Pengantar Redaksi Volume 78
Pengalaman bahwa betapa mudahnya kita kehilangan kemampuan untuk hidup dalam kebersamaan, sebagai keniscayaan kehidupan kebersamaan yang berat dan sulit diwujudkan. Hilangnya kebersamaan menjadi sumber penyebab timbulnya masalah yang esensial dalam perilaku kehidupan, yang bersumber dari manusia, sebagai makhluk hidup yang mempunyai kelebihan dibanding dengan makhluk hidup lainnya di muka bumi ini.
Kehilangan kebersamaan sebagai sumber perubahan perilaku yang esensial, dalam periode panjang berdampak negatif terhadap perubahan populasi makhluk lainnya, termasuk perubahan lingkungan, hutan dan kehutanan di dunia pada umumnya, termasuk di Indonesia, dalam 25 tahun, 50 tahun, 100 tahun yang lalu kondisinya tidaklah sama dengan kondisi hari ini.
Hal ini berkaitan dengan aspek manusia yang berdampak terhadap perilaku individu, dalam pengertian pengaturan dan pengelolaan hutan. Kondisi hutan dan kehutanan Indonesia hari ini berbeda dengan kondisi beberapa dekade yang lalu, ini menunjukan pengaruh faktor manusia yang signifikan sebagai aspek peradaban secara luas.
Berbagai perubahan yang terjadi seperti : pertambahan populasi yang pesat, kemajuan IPTEK, berkembangnya model pembangunan untuk meraih kesejahteraan dan mengejar ketinggalan dari negara maju, terjadi dari waktu ke waktu mencakup perubahan IPOLEKSOSBUDHANKAM. Dampaknya dapat dirasakan oleh semua umat manusia, seperti: perubahan iklim, akibat berkurangnya tutupan vegetasi (termasuk hutan) untuk peruntukan berbagai kepentingan, antara lain: pemukiman, infrastruktur fisik, pertanian pangan, hortikultura, perkebunan, dll.

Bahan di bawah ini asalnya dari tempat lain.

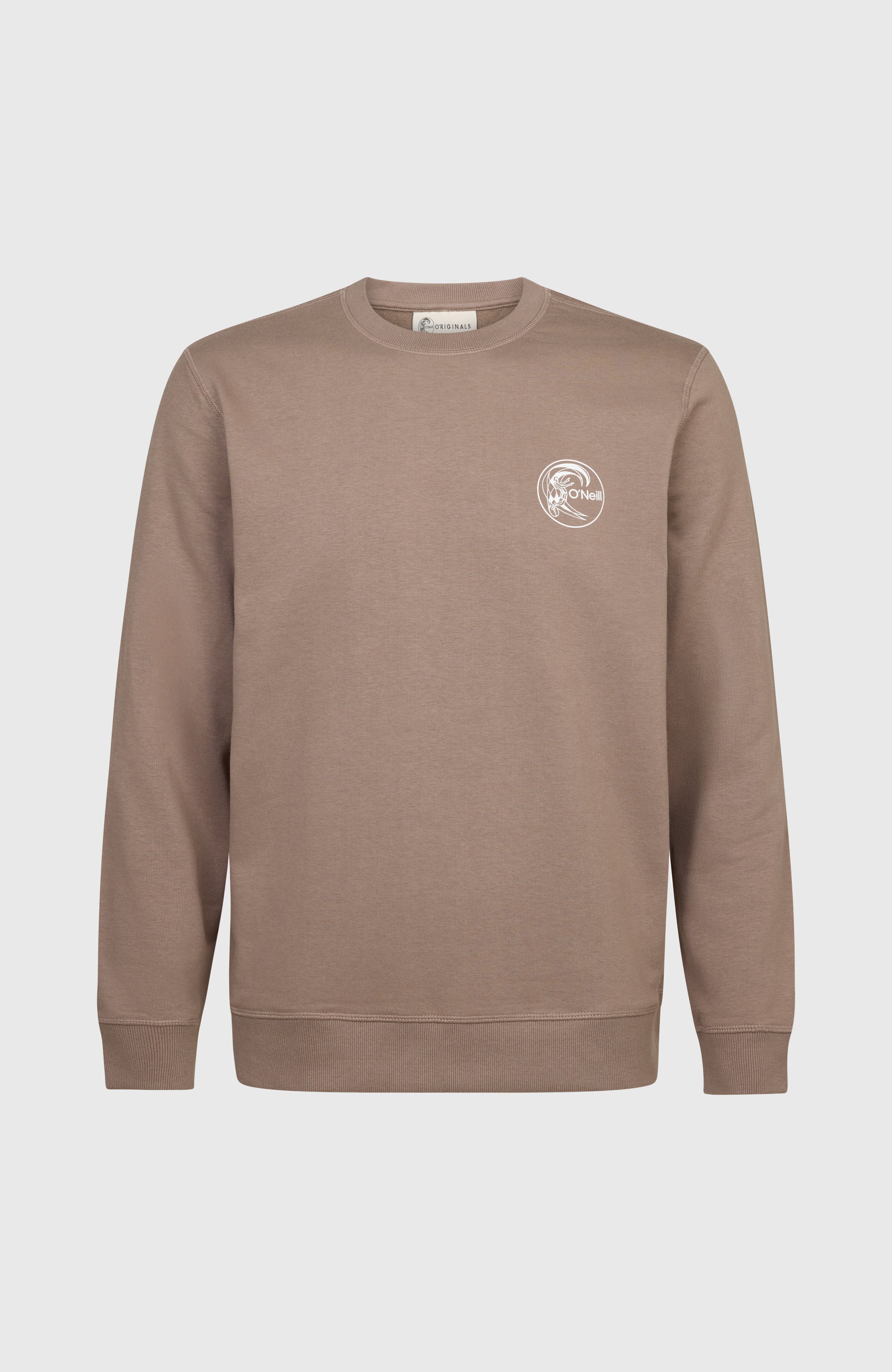 O'Riginals Chest Print Crew Pure Cashmere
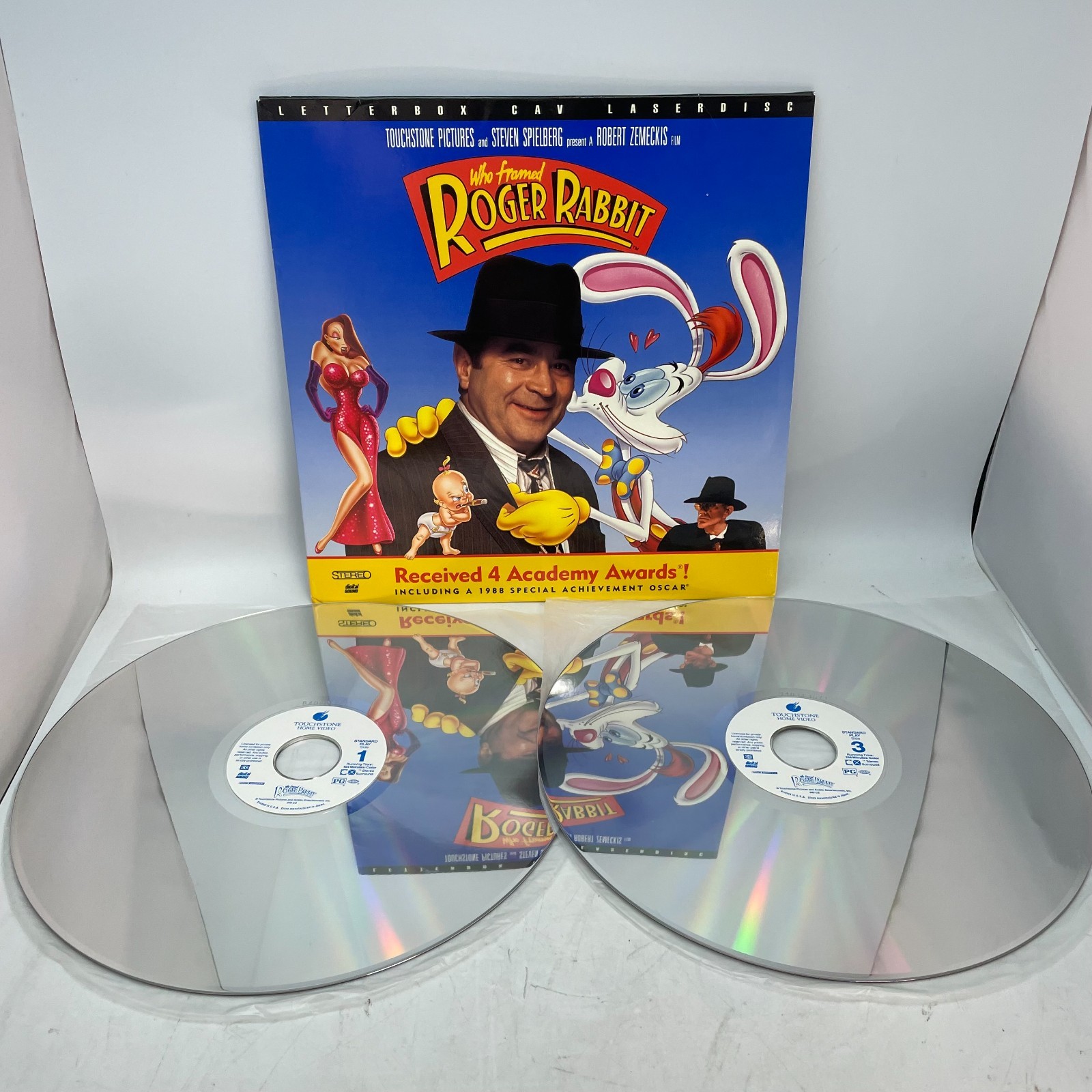Who Framed Roger Rabbit 2xLaserdisc Movie Letterbox Cav Widescreen Edition VG+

Belum lagi kelangkaan dan kecukupan air bersih, kecukupan energi dengan penggunaan energi fosil dan penambangan berbagai mineral berharga, yang ke semuanya itu berada di bawah lahan hutan. Banyak pihak berpaling kepada hutan dan kehutanan, yang dialamatkan kepada rimbawan dan institusinya, sebagai pihak yang paling bersalah. Namun bila dicerna dengan nalar bersih, Rimbawan dan institusi yang berkaitan dengan hutan dan kehutanan, adalah pihak korban penerima akibat yang tidak mampu dielakkan. Sedang pemegang otoritas kebijakan hutan dan kehutanan, dalam hal ini Pemerintah, seakan mampu mengatasi berbagai persoalan dengan menerbitkan banyak peraturan, Undang-undang dan peraturan perundang-undangan, namun pada kenyataannya masalah beranak pinak menjadi masalah yang semakin rumit.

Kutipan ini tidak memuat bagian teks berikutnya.